Рахель смотрела на Диту с интересом, до нее доходил сладковатый запах ее духов. Девушка припомнила слухи о том, что Дита дольше остальных была любовницей Тироша. Многие годы они не расставались, но и потом сохраняли довольно хорошие отношения. Страдальческое выражение лица Диты в сочетании с ее женственностью как-то не вязались с покровительственным, хотя и дружеским тоном, с каким она относилась к окружающим.

Дите стало известно о случившемся лишь здесь, в комнате.
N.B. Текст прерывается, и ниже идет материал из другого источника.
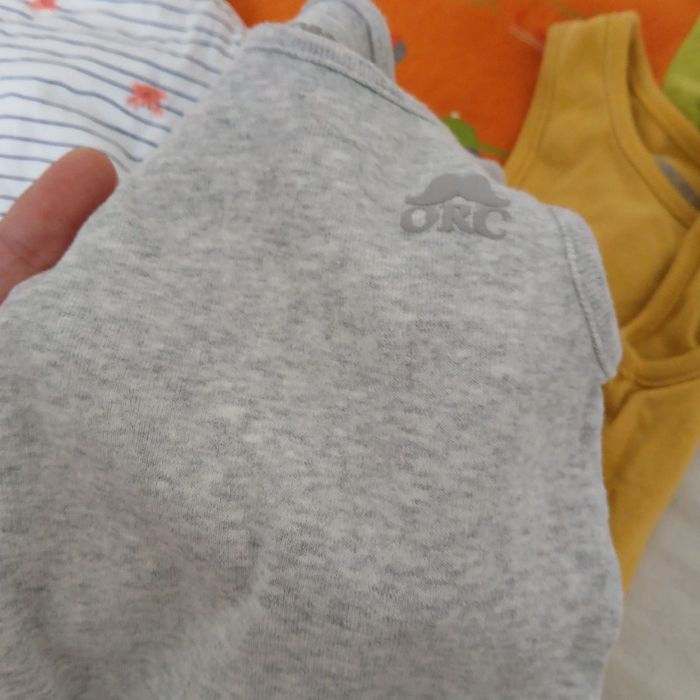 Lot bodies été 6m - photo numéro 8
Она тут же начала безостановочно рыдать, держась рукой за шею, и все повторяла:

— Я же знала, что это плохо кончится, это подводное плавание. Такой способный парень. Зачем ему это было нужно?

Адина приготовила Дите стакан крепкого чаю и даже погладила по руке. Вообще-то между ними царила вечная ненависть, выражавшаяся в приторной вежливости, с какой они обращались друг к другу. Адина создавала всевозможные бюрократические препоны для студентов «доктора Фукс», как она неизменно называла Диту.
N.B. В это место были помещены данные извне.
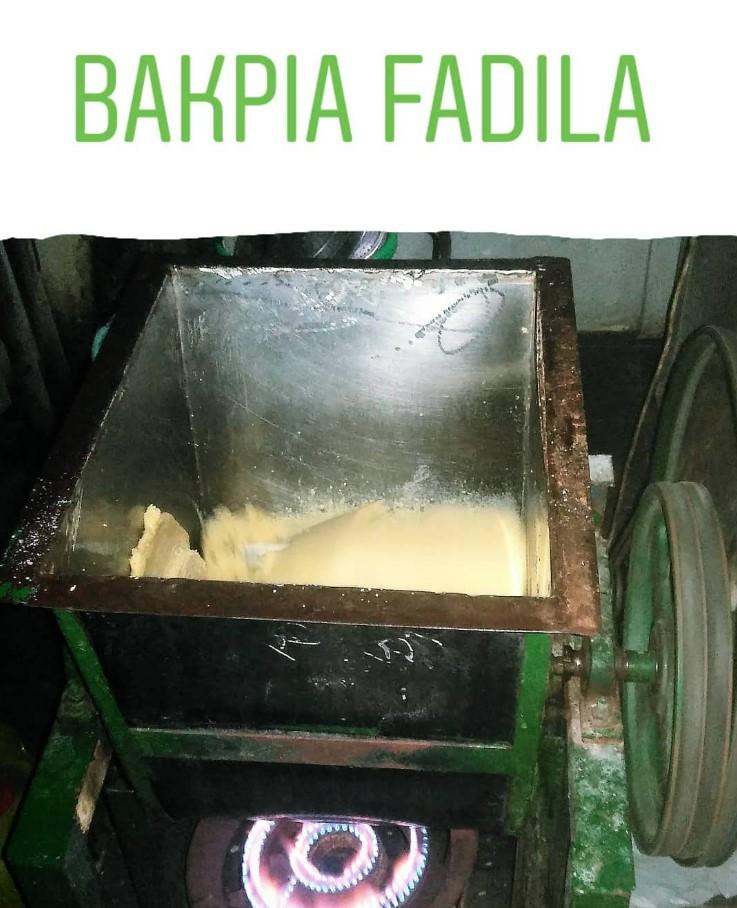 Mesin penggiling adonan bakpia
Когда Тувье зашел в комнату, Дита уже успокоилась и, сидя на углу стола, перебирала без конца невидимые складки на юбке.

— Где Шауль? — нетерпеливо спросила она.

Рахель подумала, что сейчас им нужен кто-то, кто взял бы на себя роль отца, который уладил бы все дела, хотя не было ясно, какие именно дела следует улаживать. Атмосфера всеобщего отчаяния передалась и Рахели, ослабляя ее способность разбираться в людях и явлениях, которой она так гордилась. Было страшно видеть взрослых людей такими растерянными.

Сара Амир первой в комнате вспомнила об Арье Клейне. С наивной своей откровенностью она произнесла, нарушив всеобщее молчание:

— Жаль, что Арье нет. Он бы сразу все уладил. Хорошо, что он послезавтра возвращается.

Дита вздохнула, Адина выдала свое обычное: «Какой человек!» (три раза подряд).

Рахель еще не видела профессора Арье Клейна — в последний год ее учебы он проводил свой годичный отпуск в университете Нью-Йорка, но ей очень хотелось с ним познакомиться. Все десять месяцев ее работы на факультете — с сентября по июнь — не было дня, чтобы Адина не вспоминала его. Когда от него приходило письмо, в особенности если оно имело хоть какое-то отношение к Адине, Рахель могла уходить пить кофе, не боясь выговора. Улыбка не сходила с лица Адины, пока она читала и перечитывала письмо, а порой даже зачитывала вслух отдельные фрагменты.

Рахель уже была готова заочно обожать профессора Клейна, видя, как улыбаются люди при одном упоминании о нем.

— Когда он должен приехать? Послезавтра? — промямлил Аронович. — Что ж, может, еще на похороны успеет.

В комнате снова воцарилась гнетущая тишина, Тувье запустил руки в редкую свою шевелюру. Это движение, такое естественное у Тироша, выглядело гротескно-смешным у Тувье — его красноватая рука в реденьких бесцветных волосах, торчавших во все стороны…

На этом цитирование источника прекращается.